Ce processus de construction séquentielle qui ajoute des couches de matériau était (et reste) responsable de la plupart des apparences historiques et contemporaines de l’architecture. L’enveloppe d’un bâtiment peut à l’avenir être transposée presque littéralement en associant les différentes couches de fonctionnalités individuelles à un élément de renforcement intégré, fabriqué a posteriori de manière additive. Ainsi, l’adoption éventuelle de plusieurs fonctions de construction dans un tel composant de construction unique peut s’enrichir de connaissances scientifiques relatives à la biologie et à la botanique. Les structures osseuses spongieuses qui modifient leurs morphologies cellulaires en fonction d’une charge spécifique forment un exemple tout à fait transposable par un processus informatique. Un bloc de construction cellulaire adapté, composé d’éléments géométriques fondés sur une base de données numériques pourrait être présenté parallèlement à l’analyse informatique des pressions ou des forces envisageables et fournir une morphologie définie localement et axée sur une performance juste et précise. La modulation d’éléments morphologiquement différenciés pour un objectif partagé, structural, logistique ou esthétique introduit un changement d’échelle et accorde de la valeur à la localité et à la différence individuelle, encourageant une perception simplifiée et moins hiérarchique de cette construction tectonique.
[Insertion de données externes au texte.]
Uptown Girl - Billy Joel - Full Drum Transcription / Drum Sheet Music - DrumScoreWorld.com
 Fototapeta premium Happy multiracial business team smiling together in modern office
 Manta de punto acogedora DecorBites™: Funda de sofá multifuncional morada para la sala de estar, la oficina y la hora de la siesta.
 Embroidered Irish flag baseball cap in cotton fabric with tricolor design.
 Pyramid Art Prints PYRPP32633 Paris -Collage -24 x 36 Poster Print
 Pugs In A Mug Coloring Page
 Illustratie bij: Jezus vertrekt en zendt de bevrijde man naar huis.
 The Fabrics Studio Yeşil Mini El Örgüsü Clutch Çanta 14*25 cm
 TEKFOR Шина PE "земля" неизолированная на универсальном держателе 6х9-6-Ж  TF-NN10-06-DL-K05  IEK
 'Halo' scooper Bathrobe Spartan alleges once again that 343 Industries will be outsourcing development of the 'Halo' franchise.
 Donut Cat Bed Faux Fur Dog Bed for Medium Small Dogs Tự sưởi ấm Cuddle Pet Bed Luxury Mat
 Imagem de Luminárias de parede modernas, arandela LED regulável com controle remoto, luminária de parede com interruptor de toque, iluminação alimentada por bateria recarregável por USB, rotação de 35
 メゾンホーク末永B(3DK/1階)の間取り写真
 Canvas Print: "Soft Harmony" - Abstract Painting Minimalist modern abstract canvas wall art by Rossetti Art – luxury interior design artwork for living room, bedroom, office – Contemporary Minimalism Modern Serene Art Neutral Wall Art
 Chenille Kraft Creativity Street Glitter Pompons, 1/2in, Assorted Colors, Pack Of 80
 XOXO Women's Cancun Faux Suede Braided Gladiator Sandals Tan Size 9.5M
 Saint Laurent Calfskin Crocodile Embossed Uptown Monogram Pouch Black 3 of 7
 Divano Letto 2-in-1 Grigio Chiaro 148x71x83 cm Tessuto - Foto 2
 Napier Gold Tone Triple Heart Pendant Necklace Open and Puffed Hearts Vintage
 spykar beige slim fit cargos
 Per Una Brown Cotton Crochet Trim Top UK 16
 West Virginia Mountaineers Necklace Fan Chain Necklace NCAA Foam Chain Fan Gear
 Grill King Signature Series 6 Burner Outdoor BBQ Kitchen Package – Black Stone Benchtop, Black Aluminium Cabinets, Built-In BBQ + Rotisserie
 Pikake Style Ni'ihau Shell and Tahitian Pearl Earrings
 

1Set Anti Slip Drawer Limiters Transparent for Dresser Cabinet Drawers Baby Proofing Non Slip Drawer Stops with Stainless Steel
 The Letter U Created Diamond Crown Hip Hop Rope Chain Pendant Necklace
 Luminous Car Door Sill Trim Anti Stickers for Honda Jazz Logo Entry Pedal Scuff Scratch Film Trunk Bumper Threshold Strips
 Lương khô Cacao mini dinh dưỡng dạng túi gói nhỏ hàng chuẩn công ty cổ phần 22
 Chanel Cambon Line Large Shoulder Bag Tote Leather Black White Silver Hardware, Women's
De telles unités modulaires de construction intégrées qui doivent être assemblées dans un nouveau mode de construction auront inévitablement une incidence sur la présence de l’architecture et établiront ainsi un nouveau langage de construction et d’ordre fonctionnel basé sur une nouvelle séquence d’assemblage structurel. Ces structures complexes peuvent, d’une part, être transposées à des éléments de construction classiques comme les murs, les toits et les colonnes et, d’autre part, initier une typologie nouvelle et sans précédent de composants architecturaux où le rôle de l’articulation qui associe ces éléments revêt une importance et une présence nouvelles. Ces éléments se prévalent de différentes manières des propriétés de la fabrication additive et peuvent offrir des résultats morphologiques sans précédent qui introduisent une nouvelle variation et une échelle humaine dans les éléments de construction. Grâce à l’intégration d’avantages propres à la fabrication additive, un nouveau langage tectonique autonome peut évoluer jusqu’à transformer de manière radicale notre pratique traditionnelle de l’architecture.

 

Norbert Palz
publié dans MCD #68, « La culture du libre », sept. / nov. 2012

Norbert Palz est professeur en Design Numérique et Construction à la Muenster School of Architecture et à l’Academy of Art de Berlin (UdK) où il occupe la Chaire de « design numérique et expérimental » dans la section Architecture.